10. Despite how much you love doing something, it is still important to evaluate if that thing has adverse effects on other people in your life that you love.
11. Be confident enough in who you are working towards being to allow yourself the humility of what it will take to get there.
12. It is perfectly fine to be proud of your accomplishments, just don’t ever become prideful.
13. Most people live in fear, predominately the fear of actually putting their pride on the line and challenging themselves to even make an attempt at their dreams.
14. You can go further and faster with the right people around you.
15. They don’t know that when they call you crazy for doing what you are doing, they are simply fueling the fire.
16. Good music makes everything better.
17. You don’t actually get stronger during the challenge. You only get stronger when you recover, reflect and learn from the challenge.
19. If you don’t embrace risk and change, you thwart your real opportunities for progress.
20. Every day is a new battle with it’s new challenges. Having the mindset and willingness to fight through a challenge before you even face it or know what it is, is a key part to conquering it.
21. Remember that as hard as you have it, someone out there is hurting infinitely more than you are.
22. Drink lots of water.
23. Talk to other people and actually listen and apply what they have to tell you.
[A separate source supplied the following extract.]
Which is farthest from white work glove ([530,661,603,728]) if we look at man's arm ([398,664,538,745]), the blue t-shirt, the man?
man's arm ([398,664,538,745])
24. Bring the right tools with you, or you’ll be completely screwed.
25. Understand that your body will want to quit at times. There will be moments in every journey where it would feel great to simply quit, but those moments pale in comparison to the feeling of getting past them and achieving your goal.
26. If you are in a rut or on a plateau, change your routine.
27. Stop and watch a sunset every once and a while.
28. There are times when your perception of yourself is vastly different than others perception of you, but who cares what they think as long as you are being honest with yourself.
29. Reflect often on the lessons you have learned from your past, you will need them for your future.
30. Those who have prepared and those who haven’t will be separated quickly.
31. There is absolutely no substitute for putting in your time. You can want something as much as is possible and be as motivated as is possible, but sometimes the clock simply needs to tick for you to learn what you need to learn in order to get where you are going.
32. Take a huge deep breath every once and a while.
33. You are the best of your mother, and the best of your father, and that’s pretty darn good.
34. As much as you want to have people learn from your experiences, they most often have to go through them for themselves to really understand what you were trying to tell them, and that’s ok.
35. You can break through most barriers with sheer unadulterated will power, at least I can.
36. Typically when you arrive at your destination, you realize that you could have pushed harder.
37. Balance is important.
38. The moment you realize that it’s not about you, you are able to find more energy to help the person right next to you.
39. Beer is a perfectly acceptable recovery drink.
If you made it this far, thanks for reading. Any favorite #’s you read or lessons you want to share?